Washington, D.C. 20549
Re: | Fusion Acquisition Corp. | |
Amendment No. 1 to Registration Statement on Form S-1 | ||
Filed June 22, 2020 | ||
File No. 333-239023 |
Dear Mr. Dougherty:
On behalf of our client, Fusion Acquisition Corp. (the “Company”), we are writing to submit the Company’s response to the comment of the staff (the “Staff”) of the Division of Corporation Finance of the United States Securities and Exchange Commission (the “Commission”) set forth in its letter, dated June 23, 2020, relating to the Company’s Amendment No. 1 to its Registration Statement on Form S-1 submitted to the Commission on June 22, 2020.
The Company has filed via EDGAR Amendment No. 2 to its Registration Statement on Form S-1 (the “Form S-1”), which reflects the Company’s response to the comment received by the Staff.
We have set forth below the comment of the Staff in bold and the Company’s response thereto. Capitalized terms used herein but not defined herein have the meanings given to such terms in the Form S-1.

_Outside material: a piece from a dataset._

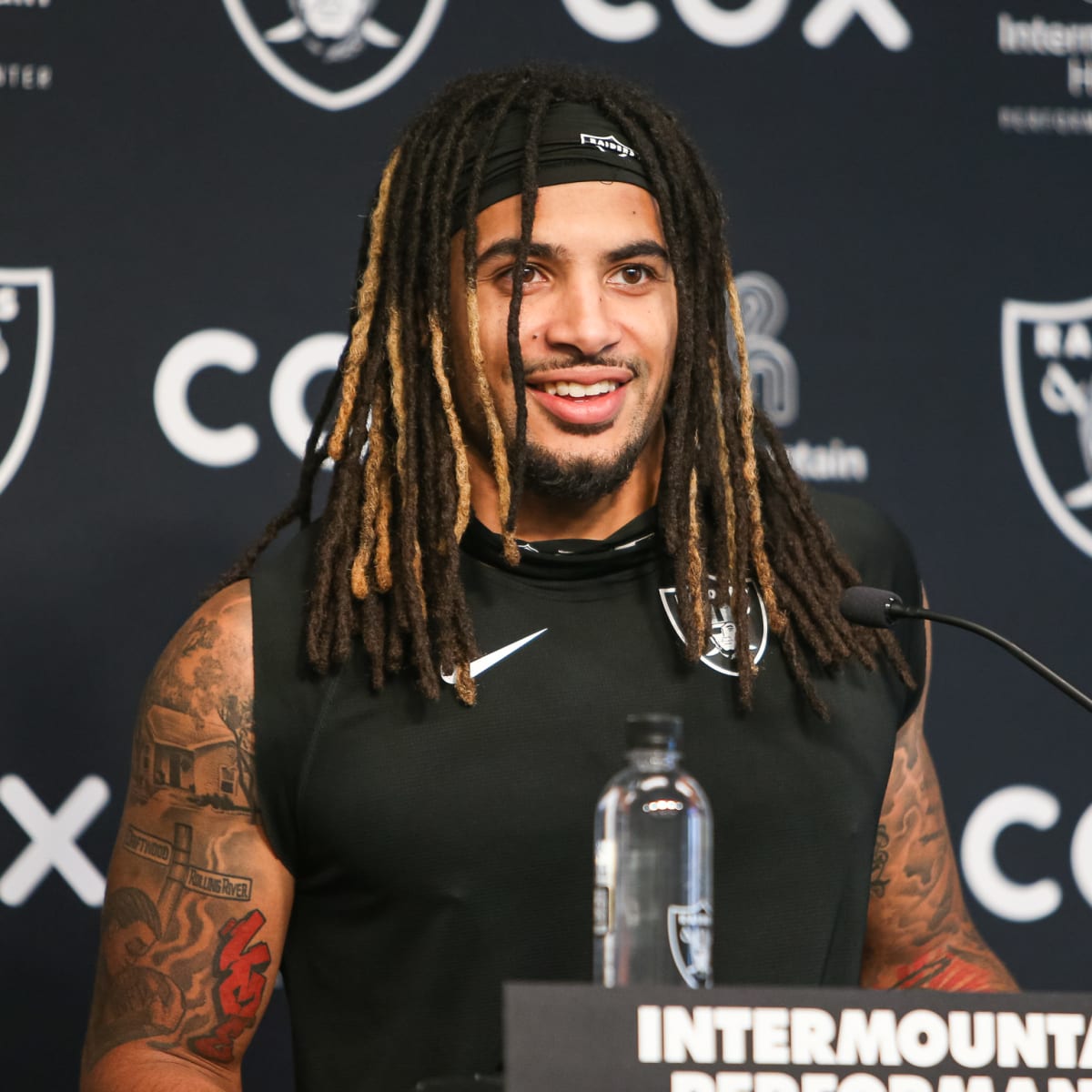 Raiders training camp 2023: Tre'von Moehrig loves energy of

Amendment No. 1 to Form S-1 filed June 22, 2020
Exhibits
1. | We note that the form of warrant agreement filed as Exhibit 4.4 provides that the company agrees that any action, proceeding or claim against it arising out of or relating in any way to the agreement shall be brought and enforced in the courts of the State of New York or the United States District Court for the Southern District of New York, and irrevocably submits to such jurisdiction, “which jurisdiction shall be exclusive.” If this provision requires investors in this offering to bring any such action, proceeding or claim in the courts of the State of New York or the United States District Court for the Southern District of New York, please disclose such provision in your registration statement, and disclose whether this provision applies to actions arising under the Securities Act or Exchange Act. If the provision applies to actions arising under the Securities Act or Exchange Act, please also add related risk factor disclosure. If this provision does not apply to actions arising under the Securities Act or Exchange Act, please also ensure that the provision in the warrant agreement states this clearly. |
Response: We acknowledge the Staff’s comment, and have revised Section 9.3 of Exhibit 4.4 to remove the exclusivity of the submission to the jurisdiction of the courts of the State of New York or the United States District Court for the Southern District of New York. As revised, Exhibit 4.4 does not contain any exclusive jurisdiction provision, including for claims that arise under the Securities Act or Exchange Act. As a result of the foregoing revisions, we do not believe that any additional disclosure, including risk factor disclosure, is appropriate.